| Dataset section |

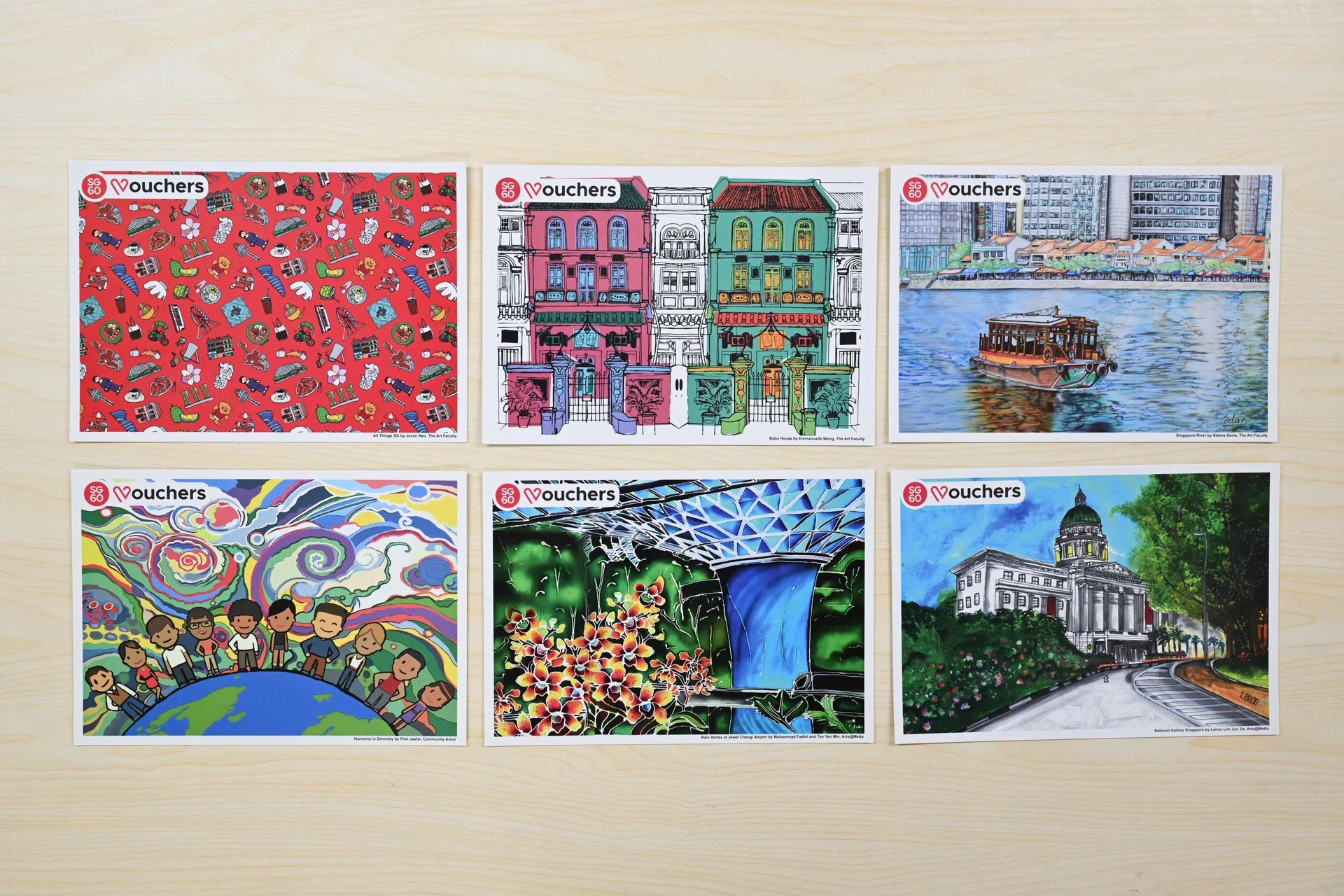 Each person will also receive in the mail an SG60 postcard containing a message from Prime Minister Lawrence Wong and a QR code that can be scanned to claim the vouchers.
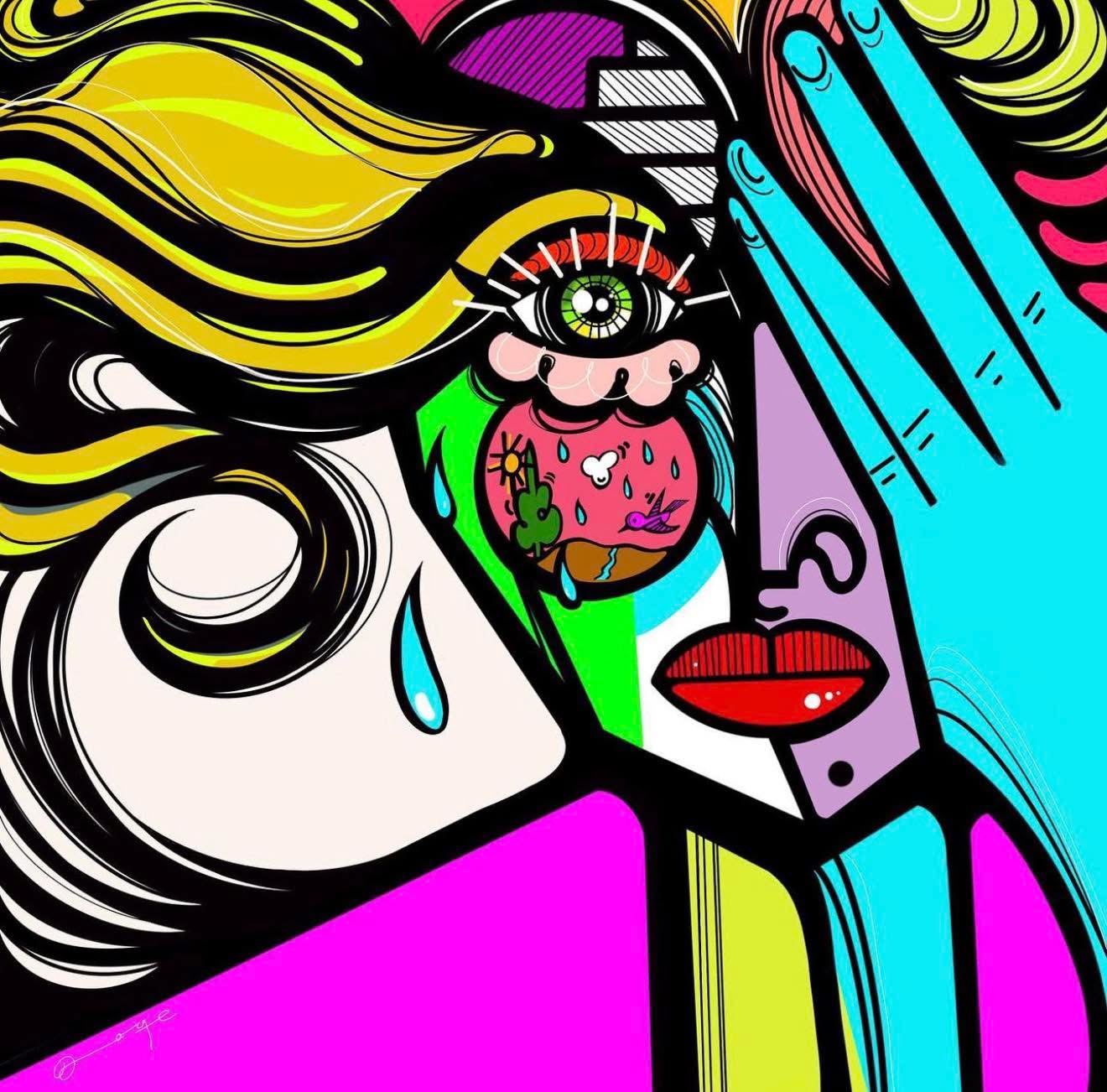 Colorful abstract illustration of a face with a large eye, lips, and a hand covering one eye, in a pop art style.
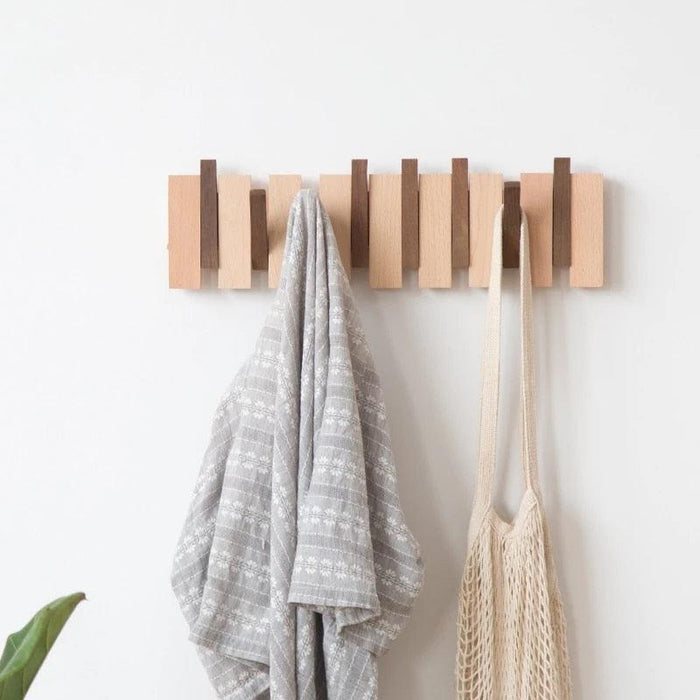 European Beech Wood Wall-Mounted Coat Rack with Sandalwood Accents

| Problem description |
Repeat the material verbatim. Do not carry over any picture.

| Finished exercise |
 Each person will also receive in the mail an SG60 postcard containing a message from Prime Minister Lawrence Wong and a QR code that can be scanned to claim the vouchers.
 Colorful abstract illustration of a face with a large eye, lips, and a hand covering one eye, in a pop art style.
 European Beech Wood Wall-Mounted Coat Rack with Sandalwood Accents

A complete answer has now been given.